> [Supplied material]
= Beginning of Section =
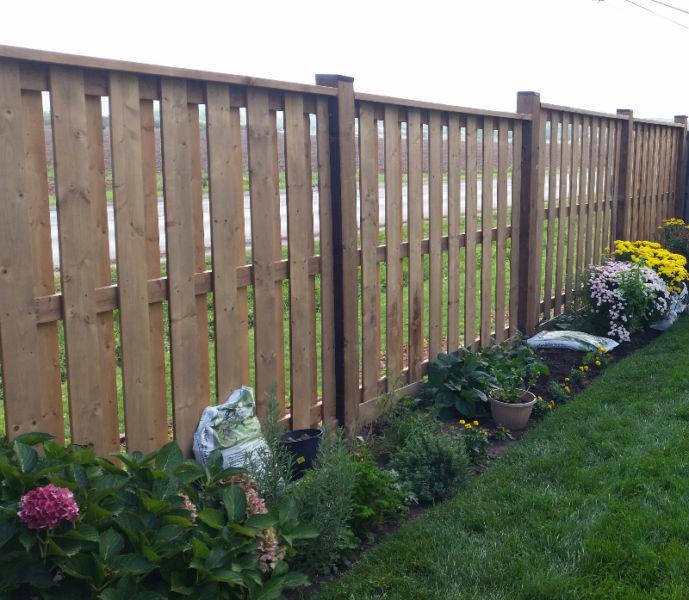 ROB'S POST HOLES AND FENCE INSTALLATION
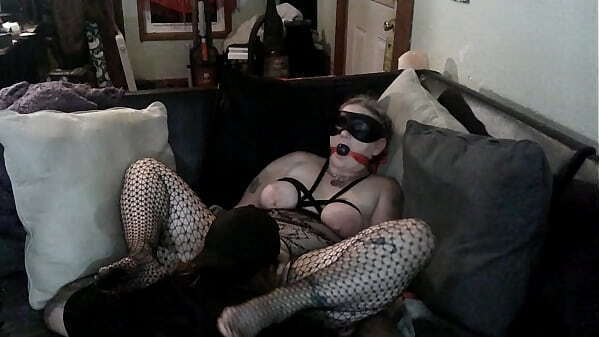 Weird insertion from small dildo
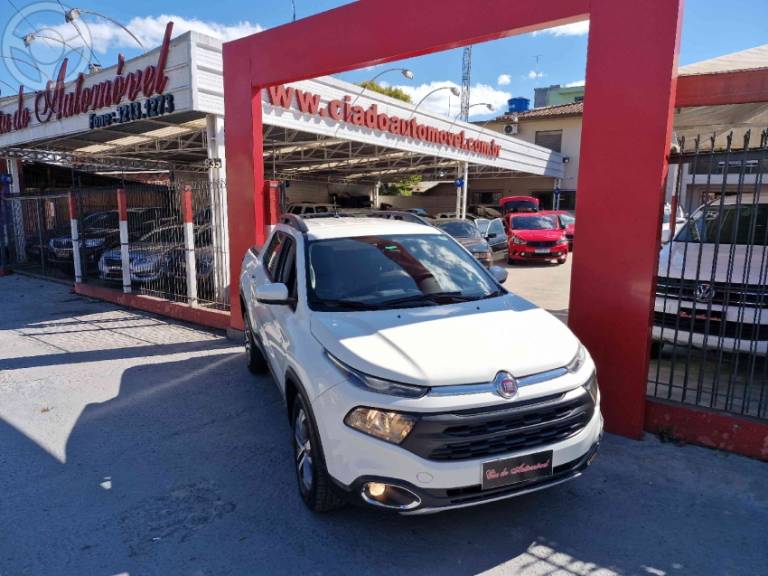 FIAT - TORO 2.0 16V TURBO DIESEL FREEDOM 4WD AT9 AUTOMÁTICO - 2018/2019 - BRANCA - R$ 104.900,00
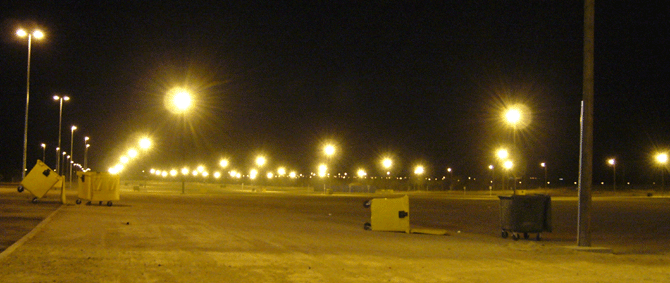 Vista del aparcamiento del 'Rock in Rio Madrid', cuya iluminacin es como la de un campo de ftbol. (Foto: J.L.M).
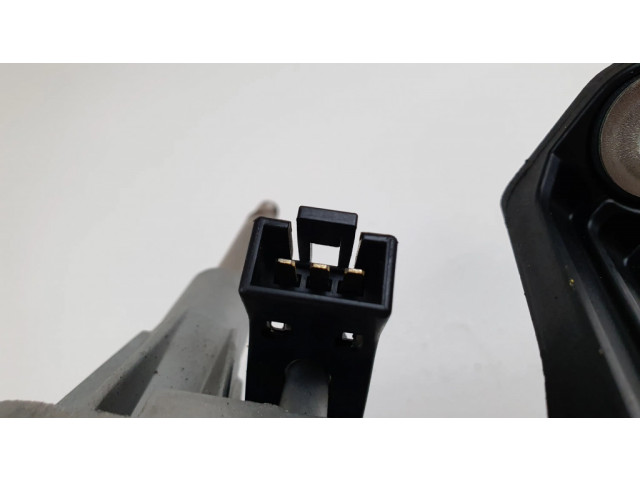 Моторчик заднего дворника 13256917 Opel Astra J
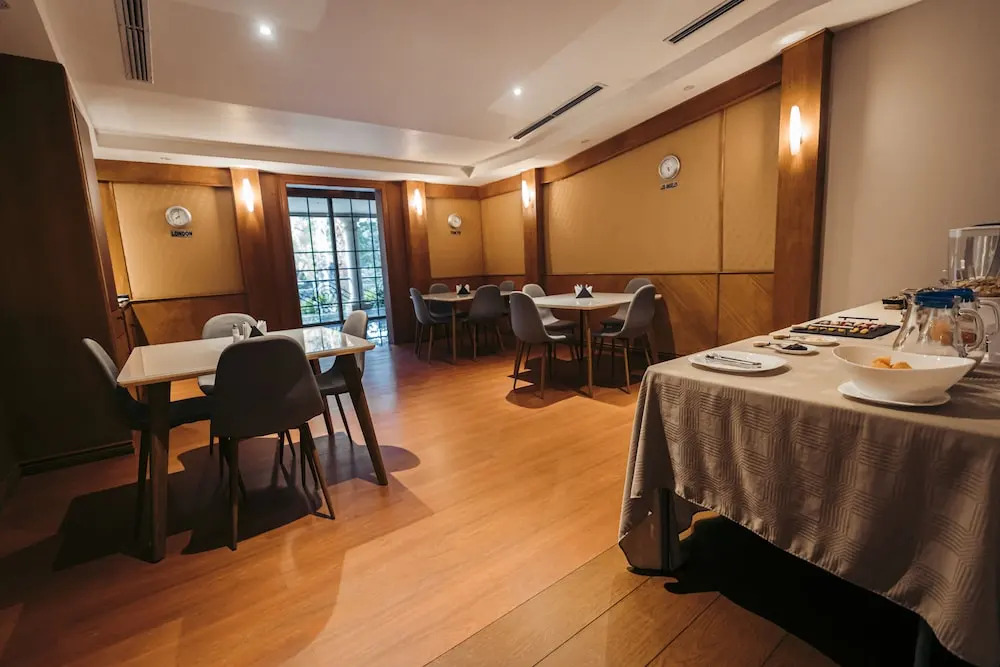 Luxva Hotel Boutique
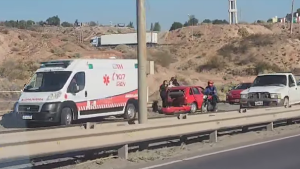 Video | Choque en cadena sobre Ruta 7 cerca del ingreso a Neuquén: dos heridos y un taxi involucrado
= End of Section =
= Beginning of Section =
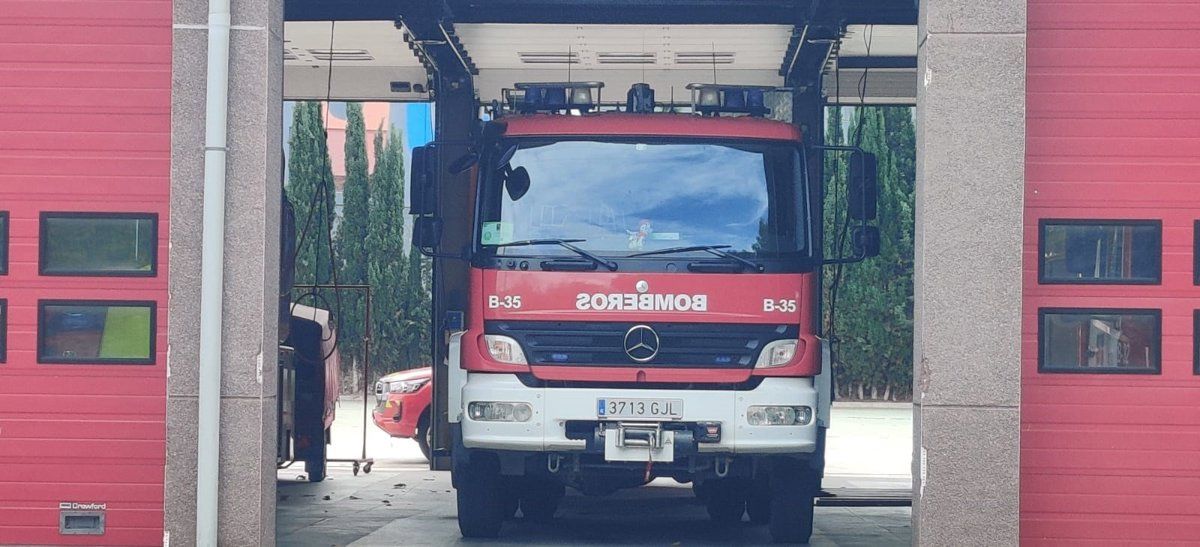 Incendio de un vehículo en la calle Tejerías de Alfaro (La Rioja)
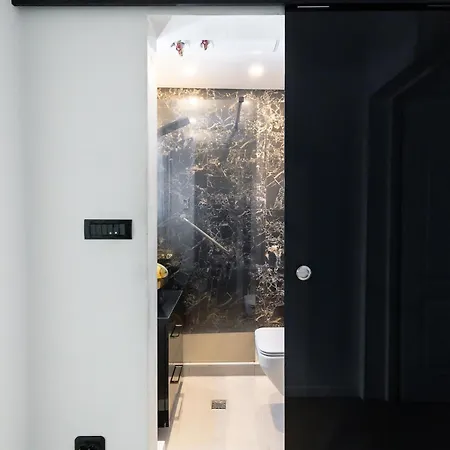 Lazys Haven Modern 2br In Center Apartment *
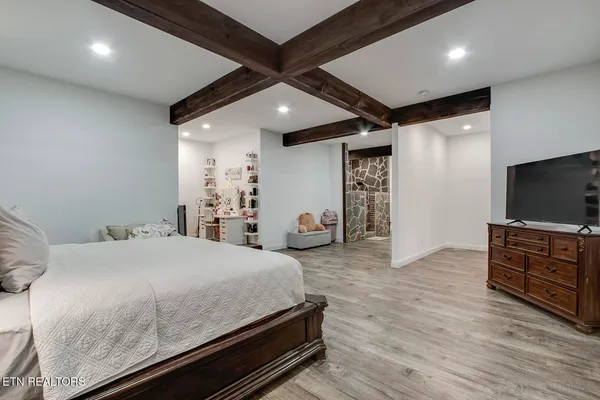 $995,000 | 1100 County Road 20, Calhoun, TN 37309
= End of Section =
> [How to complete this task] With the pictures left out, write out exactly the lines above from the one containing "FIAT - TORO" through the one containing "Video | Choque".

> [Answer space]
 FIAT - TORO 2.0 16V TURBO DIESEL FREEDOM 4WD AT9 AUTOMÁTICO - 2018/2019 - BRANCA - R$ 104.900,00
 Vista del aparcamiento del 'Rock in Rio Madrid', cuya iluminacin es como la de un campo de ftbol. (Foto: J.L.M).
 Моторчик заднего дворника 13256917 Opel Astra J
 Luxva Hotel Boutique
 Video | Choque en cadena sobre Ruta 7 cerca del ingreso a Neuquén: dos heridos y un taxi involucrado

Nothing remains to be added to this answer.